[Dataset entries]
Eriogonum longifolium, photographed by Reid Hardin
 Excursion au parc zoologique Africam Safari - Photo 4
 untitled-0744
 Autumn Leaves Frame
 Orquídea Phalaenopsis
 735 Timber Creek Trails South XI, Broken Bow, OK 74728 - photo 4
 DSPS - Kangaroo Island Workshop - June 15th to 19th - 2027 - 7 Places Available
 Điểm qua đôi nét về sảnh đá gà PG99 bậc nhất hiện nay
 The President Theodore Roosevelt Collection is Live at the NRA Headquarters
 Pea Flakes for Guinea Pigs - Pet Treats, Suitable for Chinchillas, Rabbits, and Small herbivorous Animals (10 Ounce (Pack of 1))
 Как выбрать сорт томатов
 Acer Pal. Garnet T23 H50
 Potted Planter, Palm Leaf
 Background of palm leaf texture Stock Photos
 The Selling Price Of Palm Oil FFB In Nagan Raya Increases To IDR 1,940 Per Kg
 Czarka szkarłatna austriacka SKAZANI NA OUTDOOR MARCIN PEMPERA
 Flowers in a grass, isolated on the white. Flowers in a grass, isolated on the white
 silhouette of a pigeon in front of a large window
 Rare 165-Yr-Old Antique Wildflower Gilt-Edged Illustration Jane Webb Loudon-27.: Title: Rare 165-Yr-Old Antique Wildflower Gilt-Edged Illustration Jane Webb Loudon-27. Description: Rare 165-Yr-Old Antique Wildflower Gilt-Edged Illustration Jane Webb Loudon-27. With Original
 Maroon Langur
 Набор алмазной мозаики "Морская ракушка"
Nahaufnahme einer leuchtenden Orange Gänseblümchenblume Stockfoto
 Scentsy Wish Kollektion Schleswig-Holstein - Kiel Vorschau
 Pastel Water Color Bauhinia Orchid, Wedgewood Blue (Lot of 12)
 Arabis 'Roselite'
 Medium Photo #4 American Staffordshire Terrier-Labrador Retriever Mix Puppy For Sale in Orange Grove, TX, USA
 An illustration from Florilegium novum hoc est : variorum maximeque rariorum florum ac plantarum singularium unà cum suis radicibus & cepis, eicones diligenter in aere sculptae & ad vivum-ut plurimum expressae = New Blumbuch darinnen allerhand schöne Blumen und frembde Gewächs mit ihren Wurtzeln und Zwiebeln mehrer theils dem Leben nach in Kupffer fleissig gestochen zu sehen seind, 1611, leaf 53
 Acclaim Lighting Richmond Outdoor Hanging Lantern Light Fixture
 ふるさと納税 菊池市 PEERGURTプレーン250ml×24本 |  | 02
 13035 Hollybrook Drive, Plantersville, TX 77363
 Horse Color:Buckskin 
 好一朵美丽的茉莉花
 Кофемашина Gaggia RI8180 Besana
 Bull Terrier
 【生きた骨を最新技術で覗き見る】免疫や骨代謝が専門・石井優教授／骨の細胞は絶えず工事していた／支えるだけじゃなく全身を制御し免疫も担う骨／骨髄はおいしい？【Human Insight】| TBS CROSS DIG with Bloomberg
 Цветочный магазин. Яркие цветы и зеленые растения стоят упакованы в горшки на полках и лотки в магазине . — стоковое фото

Work to complete:
Would you please copy exactly the part of the entries above that begins at the line containing "Scentsy Wish Kollektion" and ends at the line containing "Medium Photo #4", both lines included?

Your solution:
 Scentsy Wish Kollektion Schleswig-Holstein - Kiel Vorschau
 Pastel Water Color Bauhinia Orchid, Wedgewood Blue (Lot of 12)
 Arabis 'Roselite'
 Medium Photo #4 American Staffordshire Terrier-Labrador Retriever Mix Puppy For Sale in Orange Grove, TX, USA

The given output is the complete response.